Exercise treadmills typically have an endless running surface which
is extended between and movable around two substantially parallel
pulleys at each end of the treadmill. The running surface usually
includes a belt made of a flexible material extended around the
pulleys. The belt is normally driven by a motor rotating the front
pulley. The speed of the motor is adjustable by the user through a
set of user controls so that the level of exercise can be adjusted
to simulate running or walking as desired.
The belt is typically supported by a deck or support surface
beneath the upper surface of the belt. The deck is usually composed
of wood or MDF, in order to provide the required support. In
addition, a low-friction sheet or laminate is usually provided on
the upper deck surface to reduce the friction between the deck and
the belt. In most cases, decks are relatively rigid which can
result in high impact loads on the user's feet, ankles and knees as
the user's feet contact the belt and the deck. This is often
perceived by users as being uncomfortable and further can result in
unnecessary damage to joints as compared to running on a softer
surface.
Because the typical treadmill has a very stiff, hard running
surface and can become uncomfortable for extended periods of
running, manufacturers have sought to make the running surface more
resilient in an attempt to improve user comfort. U.S. Pat. Nos.
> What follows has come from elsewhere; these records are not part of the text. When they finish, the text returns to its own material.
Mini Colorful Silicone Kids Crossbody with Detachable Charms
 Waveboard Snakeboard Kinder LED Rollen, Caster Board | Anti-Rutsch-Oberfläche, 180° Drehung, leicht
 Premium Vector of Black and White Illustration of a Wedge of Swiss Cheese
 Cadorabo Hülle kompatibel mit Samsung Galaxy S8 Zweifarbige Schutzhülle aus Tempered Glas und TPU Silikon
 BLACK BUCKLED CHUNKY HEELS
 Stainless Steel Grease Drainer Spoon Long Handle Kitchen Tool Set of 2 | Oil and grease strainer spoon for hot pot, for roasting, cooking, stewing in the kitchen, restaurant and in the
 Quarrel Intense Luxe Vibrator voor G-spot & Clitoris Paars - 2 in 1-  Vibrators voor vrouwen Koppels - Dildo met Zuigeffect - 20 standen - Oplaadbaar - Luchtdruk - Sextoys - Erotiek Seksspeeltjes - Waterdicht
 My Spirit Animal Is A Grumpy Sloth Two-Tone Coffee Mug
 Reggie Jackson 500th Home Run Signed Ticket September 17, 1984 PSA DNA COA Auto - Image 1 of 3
3,408,067, 4,350,336, 4,616,822, 4,844,449, 5,279,528, 5,441,468,
5,454,772 and 6,095,951 disclose examples of resilient deck
supports on treadmills to reduce impact loads. While reducing
impact loads, these approaches have certain disadvantages. In some
cases due to long usage, the resilient material loses its
resiliency over time and becomes less resilient. In other cases,
where the resiliency or spring rate of the deck supports made of a
resilient material is constant, the supports usually will not
provide adequate support and comfort for users having different
weights and running styles. Another approach using resilient
supports having a variable spring rate, such as shown in U.S. Pat.
No. 6,095,951 do not allow the user to adjust the deck to achieve
an individual comfort level. By the same token where the location
of resilient support members can be changed, as described in U.S.
Pat. No. 4,350,336, the resiliency of the deck is uneven along its
longitudinal surface.
Accordingly, the invention provides a deck support that supports a
deck of a human operable exercise treadmill that includes at least
one resilient member configured generally as an arched leaf spring
secured between the deck and the treadmill frame. The invention can
also include a second such leaf spring spaced laterally from the
first leaf spring or can include two sets of such leaf springs
spaced longitudinally along the length of the deck.
In one embodiment of the invention, an adjustment linkage is
coupled to at least one of the leaf springs and is operable to
manipulate a first radius of the leaf spring(s) to vary the spring
rate of the leaf spring(s). The adjustment linkage can similarly be
operable to manipulate the radius of other leaf springs to vary the
spring rates of these leaf springs as well. Specifically, the
adjustment linkage can be operable to increase at least one of the
leaf spring radii to decrease the spring rates and operable to
decrease the radii to increase the spring rate.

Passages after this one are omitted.